Sunday, January 18, 2015

God’s way, not my way


Life seems much simpler if I can remember this: It is far better to obey the way of the Lord than to choose my own ideas, and while there are exceptions, most of the time I know which is which.


Jacob’s wives had trouble with this. The story begins when “Rachel saw that she bore Jacob no children, she envied her sister. She said to Jacob, ‘Give me children, or I shall die!’ Jacob’s anger was kindled against Rachel, and he said, ‘Am I in the place of God, who has withheld from you the fruit of the womb?’” (Genesis 30:1–2)


The rest of the chapter reads like a low-grade soap opera. These women plotted to out-do each other in having children to supposedly earn the love of Jacob. In the process, their lives were filled with strife. God’s way is much more peaceful.

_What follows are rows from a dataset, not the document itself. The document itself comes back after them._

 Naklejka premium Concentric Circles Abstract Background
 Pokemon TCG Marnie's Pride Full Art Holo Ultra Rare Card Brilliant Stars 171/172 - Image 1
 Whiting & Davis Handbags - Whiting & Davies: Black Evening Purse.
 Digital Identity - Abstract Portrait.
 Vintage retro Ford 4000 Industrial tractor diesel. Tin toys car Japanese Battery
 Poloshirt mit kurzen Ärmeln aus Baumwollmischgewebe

The next reading says, “For the protection of wisdom is like the protection of money, and the advantage of knowledge is that wisdom preserves the life of him who has it.” (Ecclesiastes 7:12)  Solomon also said that the fear of the Lord is the beginning of wisdom (Proverbs 1:7). He knew that wisdom from God held greater advantage to life than the foolishness of man. God’s way is much more protective.

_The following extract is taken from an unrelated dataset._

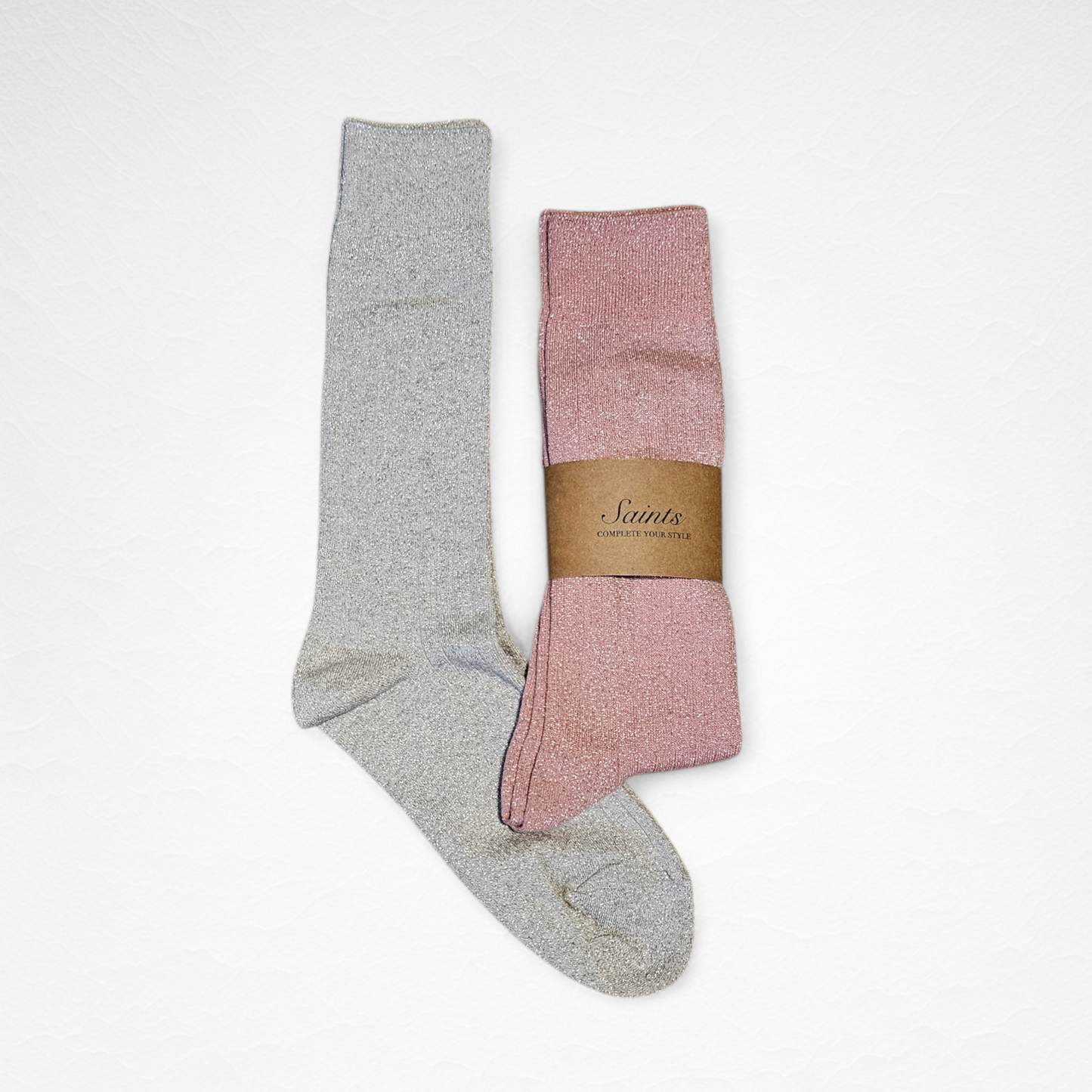 Glitter Women's Cotton Socks [8 Colours available]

Later, in the NT, Jesus was approached with a question about a woman who married a man with seven brothers. When this husband died, his brother married her (a custom in those days) and then that one died and so on. The question was: “After them all, the woman died. In the resurrection, therefore, of the seven, whose wife will she be? For they all had her.”

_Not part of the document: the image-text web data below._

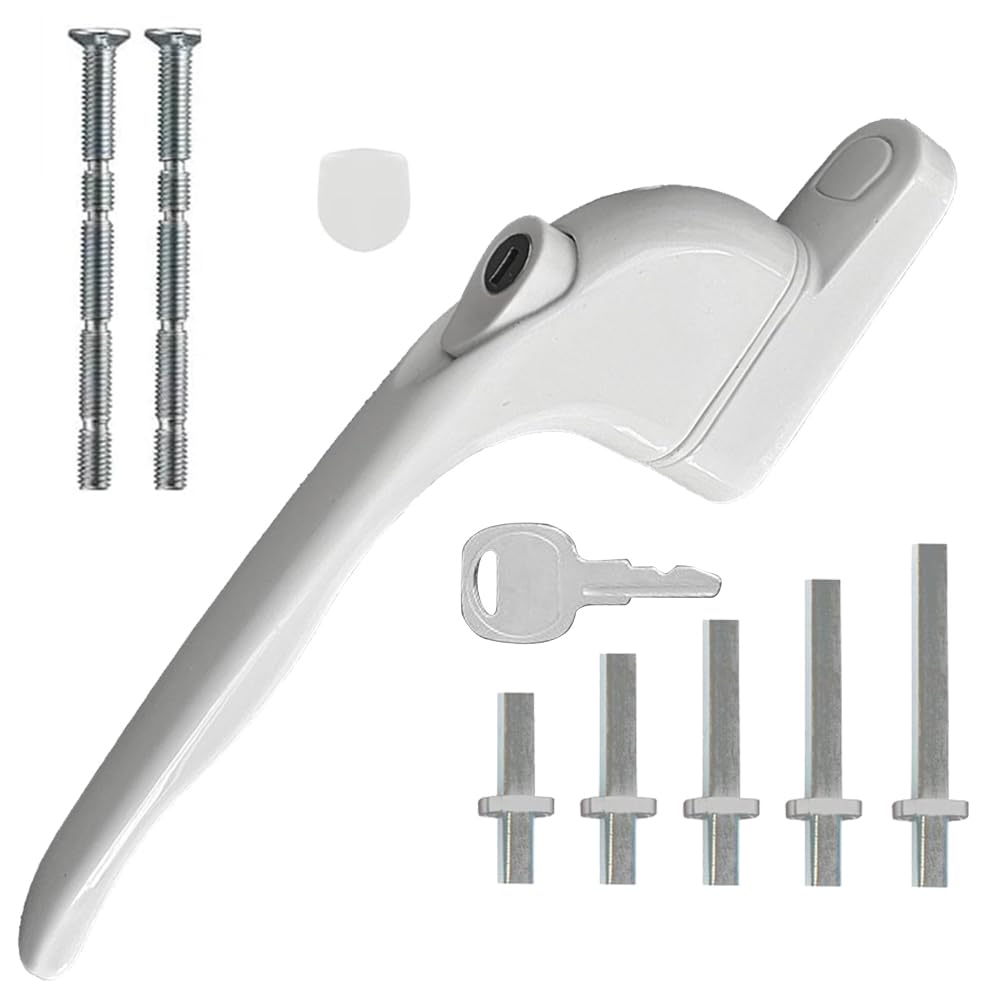 Universal Window Handles for uPVC Windows, Replacement uPVC Window Handle, Multi-Spindle, Easy Installation
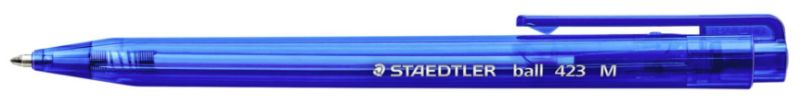Staedtler Retractable Ball Point Pen - Blue, Medium 0.45mm Tip (Pack of 10)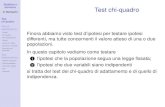 biometria Test chi-quadro - bertacchi/didattica/bio...¢  biometria D. Bertacchi Test chi-quadro Test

Jesus answered them, “You are wrong, because you know neither the Scriptures nor the power of God. For in the resurrection they neither marry nor are given in marriage, but are like angels in heaven. And as for the resurrection of the dead, have you not read what was said to you by God: ‘I am the God of Abraham, and the God of Isaac, and the God of Jacob’? He is not God of the dead, but of the living.”


And when the crowd heard it, they were astonished at his teaching. (Matthew 22:27–33) Jesus made it plain that God’s way makes more sense regarding this marriage issue, but also His way includes life after death. His way is much less complicated and much more rewarding than our reasoning.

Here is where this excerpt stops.